1960 thriller novel by Lionel Davidson

The Night of Wenceslas is the debut novel of British thriller and crime writer Lionel Davidson. This Bildungsroman describes the reluctant adventures of Nicolas Whistler, a dissolute young man of mixed English and Czech parentage who finds himself caught up against his will in Cold War espionage. The novel won the Crime Writers' Association's Gold Dagger Award in 1960, and the Author's Club First Novel Award. It was filmed in 1964 under the title Hot Enough for June.

==Plot summary==
Nicolas is a 24-year-old Londoner, a witty wastrel and the novel's archetypal anti-hero. He hates his job in his late father's glass-making business, where he works under the odious Nimek in anticipation of making full partner one day. He dreams of inheriting untold riches from his Uncle Bela in Vancouver, which will put an end to his current servitude. His bossy Irish girlfriend Maura continually presses him to make something of himself. His one true love is his car, an MG, which he bought on impulse, and its maintenance keeps him in permanent debt to the garage owner "Ratface" Ricketts.

A note arrives from a lawyer called Stephen Cunliffe, stating that his Uncle Bela has died in Canada and left him a fortune. He goes to see Cunliffe, who forwards him a sum of £200 to tide him over until he can begin to enjoy the benefits of his inheritance. However, Nicolas manages to spend this allowance in a matter of days and returns to Cunliffe's office to request a further advance.

Cunliffe now declares that Uncle Bela is very much alive; that he, Cunliffe, is in fact a moneylender and that Nicolas owes him £200, with the MG as security. The distraught Nicolas is told that he can discharge his debt if he is willing to carry out a simple assignment to Prague. He is to bring back a formula for a glass-making process from a glass factory that used to belong to Pavelka, an associate of Cunliffe's.

Nicolas travels to Prague (the city of his childhood) and stays in a plush hotel on Wenceslas Square. He is given a tour of the Czech glass-making industry and spends the night with his guide, a tall attractive girl called Vlasta Simenova. He takes with him a "Norstrund" guidebook, which he is to leave on a desk in the glass factory during his tour. The formula is then hidden inside the book, which he collects at the end of his tour.

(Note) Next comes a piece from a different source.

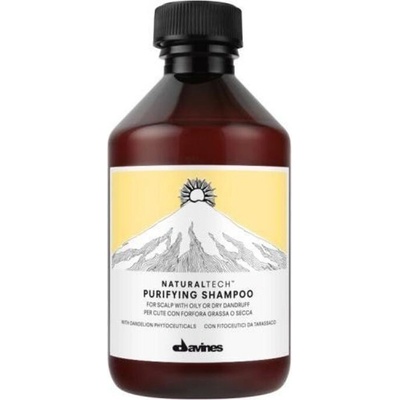 Davines Naturaltech Purifying Shampoo 100 ml – Hledejceny.cz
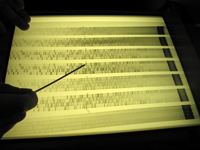 On an autoradiograph (image on a film), Angela points to yeast samples that are plus and minus for transposition.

Returning to England, Nicolas's debt is written off and he is paid a further £200. However, Cunliffe informs him that the formula is incomplete and requests him to make a second trip, taking a new Norstrund guidebook.

On this second trip, Maura gives him another Norstrund as a present, so he now has two. He tours the glass factory as before and returns to his hotel. His waiter Josef attempts to drug him and while Nicolas pretends to sleep, Josef finds one of the Norstrunds and starts to cut it open. Nicolas sees that there is a document made of rice-paper hidden in the spine of the book. Reading it, he realises that it concerns British nuclear secrets and understands that instead of smuggling glass-making secrets out of Prague, Cunliffe is using Nicolas to smuggle British nuclear secrets out of England.

In a panic, Nicolas flushes the document down the toilet. He leaves the hotel and tries to get to the British embassy, however he realises he has left his wallet and passport in the hotel room. He returns to the hotel where he is beaten up by StB agents, who think he has passed the document on.

Nicolas escapes and hides out in Prague, eventually managing to meet up with Vlasta again, but realises she is an StB agent because she has knowledge of him that he had not told her. Eventually he is able to get to the British Embassy disguised as a milkman.

In the embassy, he is interrogated and debriefed for ten weeks, before finally being made to sign the Official Secrets Act. His knowledge allows the British to capture the Czech network in Britain and Nicolas is sent home in a prisoner exchange for Cunliffe.

At the conclusion, Nicolas receives a letter from his Uncle Bela, who is in fact dying and wants Nicolas to take over his business.